WORK ORDER: I need every line from the start of the material below up to and including the line containing "Окуляри для плавання", restated exactly, with the pictures omitted.
#### DATASET ENTRIES
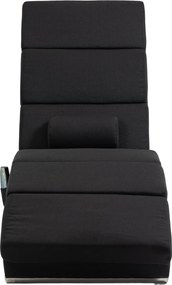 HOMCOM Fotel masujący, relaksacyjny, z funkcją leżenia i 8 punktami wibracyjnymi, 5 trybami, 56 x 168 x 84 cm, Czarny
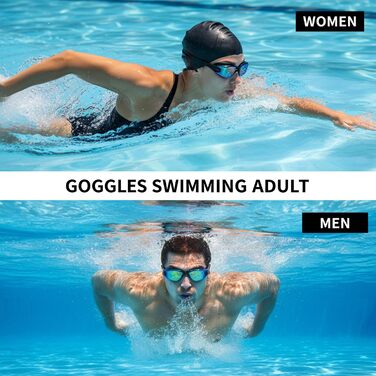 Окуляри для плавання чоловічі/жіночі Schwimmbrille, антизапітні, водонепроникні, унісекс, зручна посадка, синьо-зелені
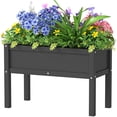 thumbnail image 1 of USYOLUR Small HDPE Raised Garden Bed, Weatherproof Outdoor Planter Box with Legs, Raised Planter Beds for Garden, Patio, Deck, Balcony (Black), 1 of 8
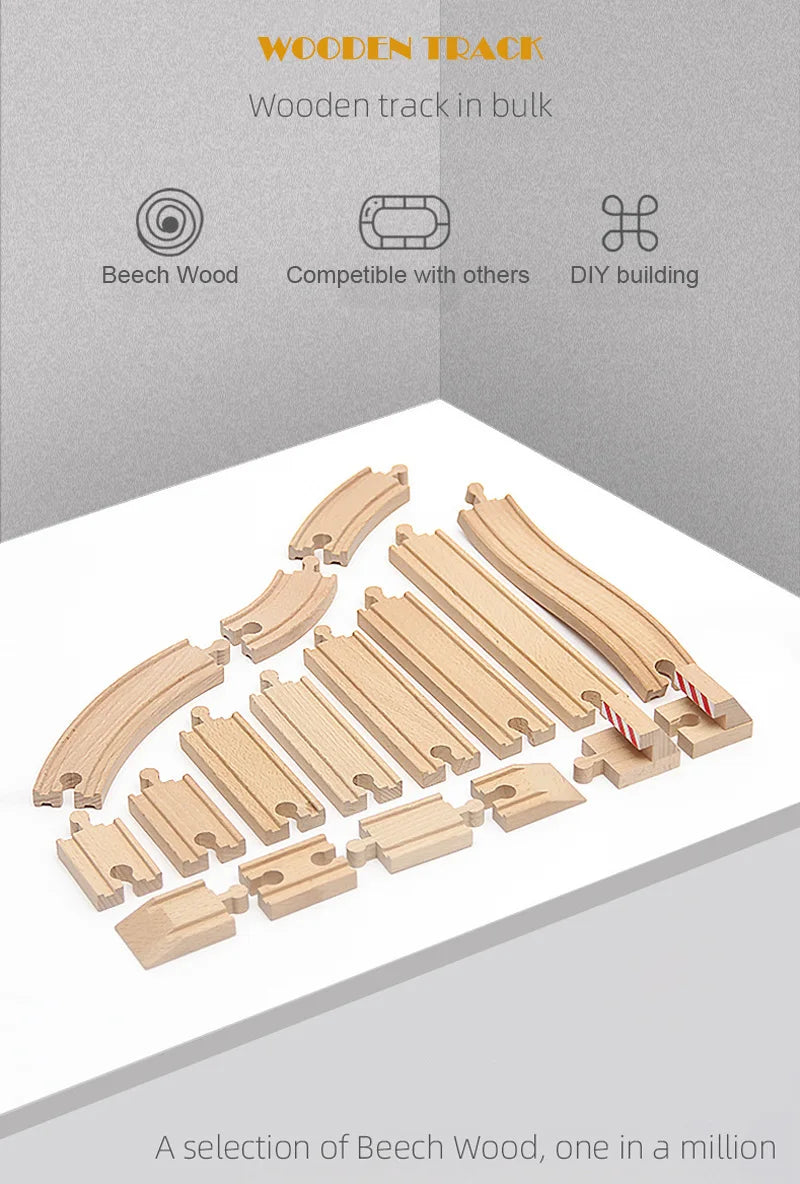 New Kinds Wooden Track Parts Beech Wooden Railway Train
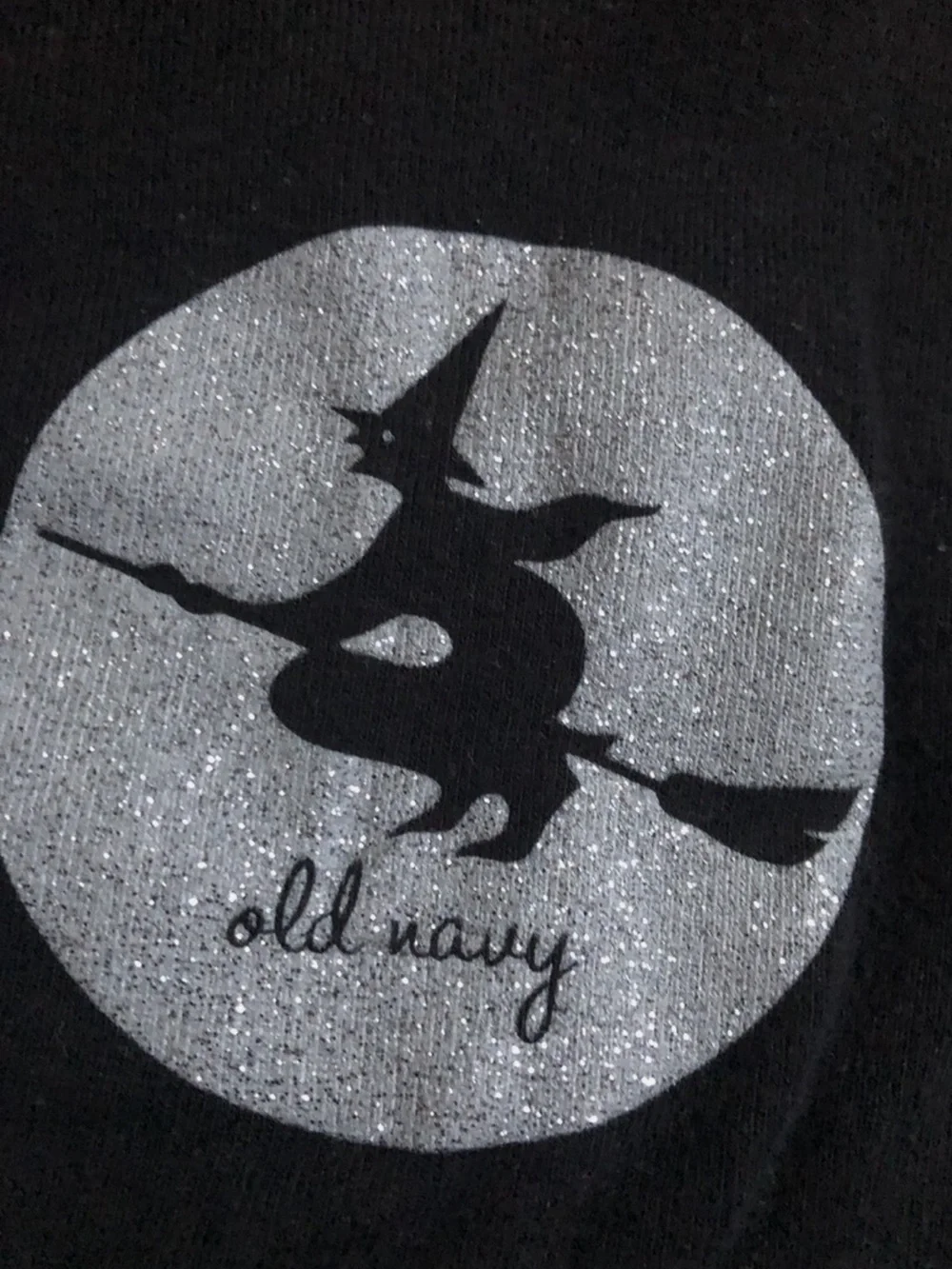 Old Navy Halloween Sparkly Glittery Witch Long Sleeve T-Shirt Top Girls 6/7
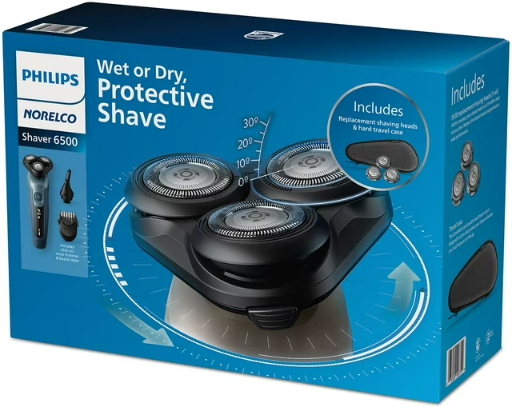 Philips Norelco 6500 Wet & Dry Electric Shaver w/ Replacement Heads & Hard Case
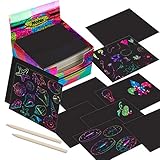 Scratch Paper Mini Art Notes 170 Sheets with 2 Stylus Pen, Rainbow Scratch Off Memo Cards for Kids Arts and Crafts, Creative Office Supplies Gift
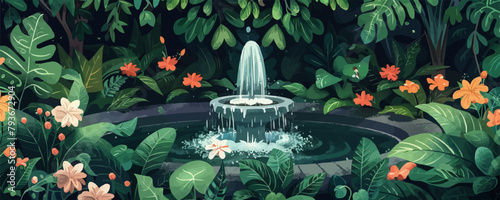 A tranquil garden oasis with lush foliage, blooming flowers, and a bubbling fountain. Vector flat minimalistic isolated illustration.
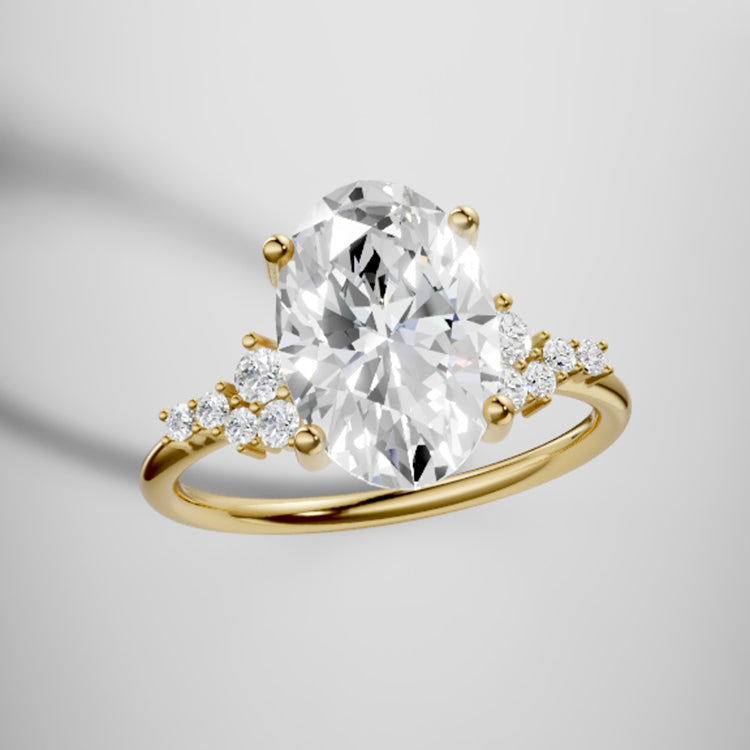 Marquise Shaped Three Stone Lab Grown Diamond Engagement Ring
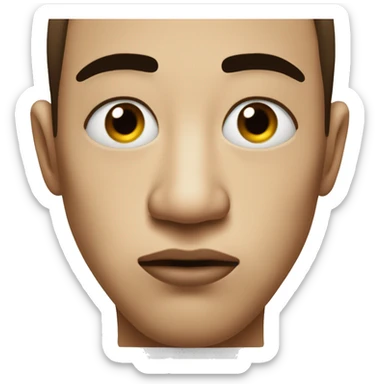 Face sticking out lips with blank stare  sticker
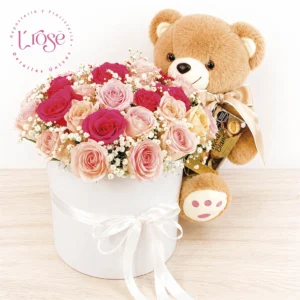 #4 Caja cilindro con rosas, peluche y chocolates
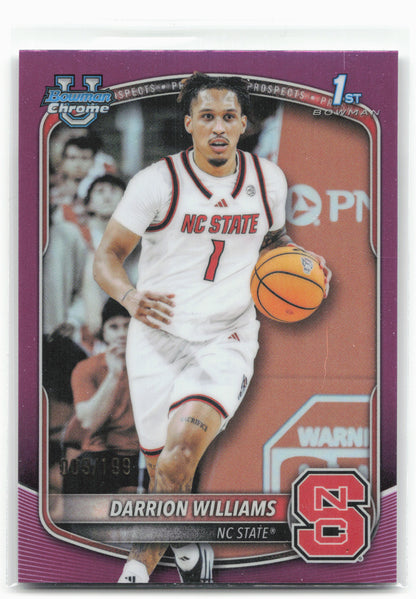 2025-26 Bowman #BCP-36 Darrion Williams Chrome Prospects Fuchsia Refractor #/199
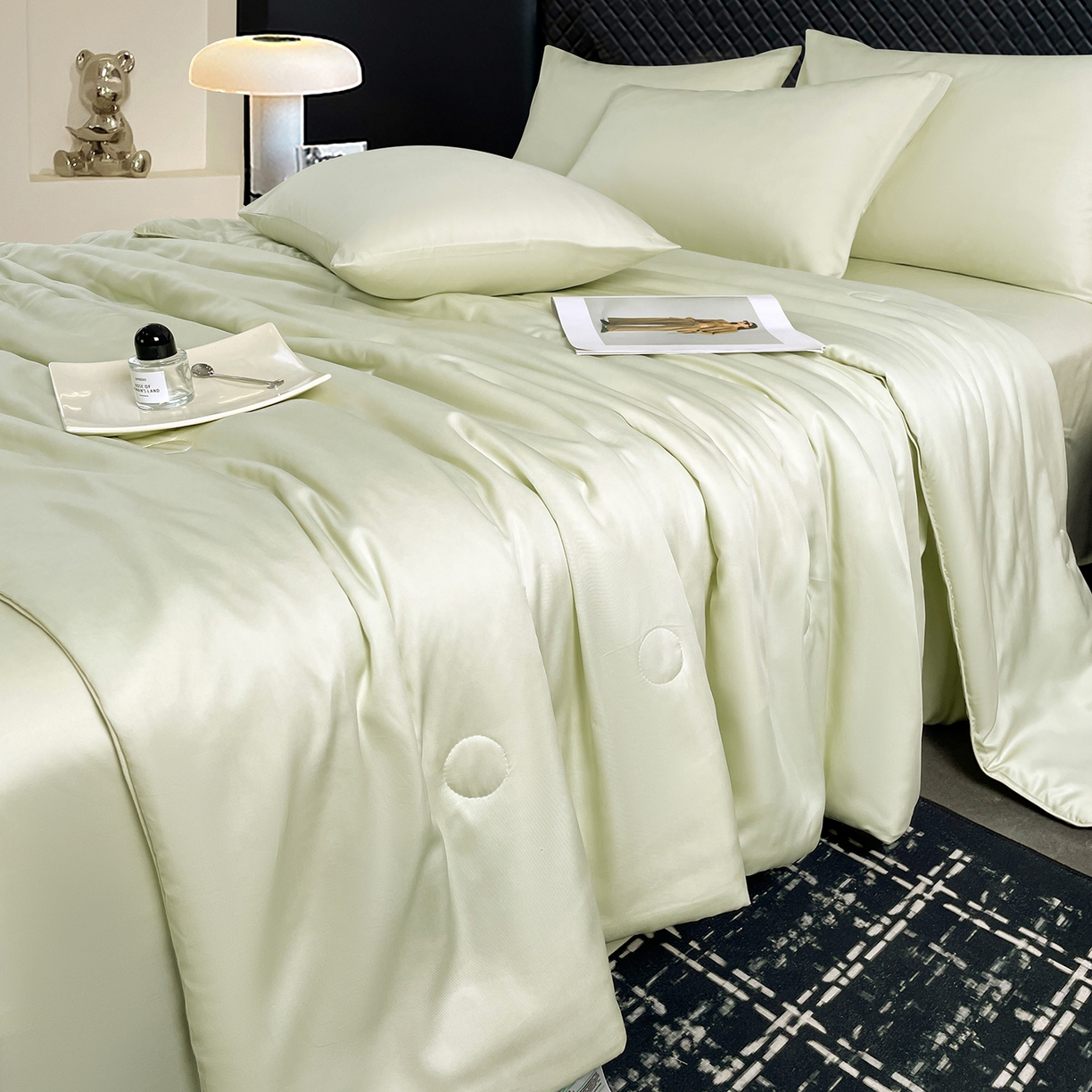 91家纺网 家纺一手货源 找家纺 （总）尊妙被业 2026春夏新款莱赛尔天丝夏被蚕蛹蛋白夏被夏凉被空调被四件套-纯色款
########
ANSWER SPACE:
 HOMCOM Fotel masujący, relaksacyjny, z funkcją leżenia i 8 punktami wibracyjnymi, 5 trybami, 56 x 168 x 84 cm, Czarny
 Окуляри для плавання чоловічі/жіночі Schwimmbrille, антизапітні, водонепроникні, унісекс, зручна посадка, синьо-зелені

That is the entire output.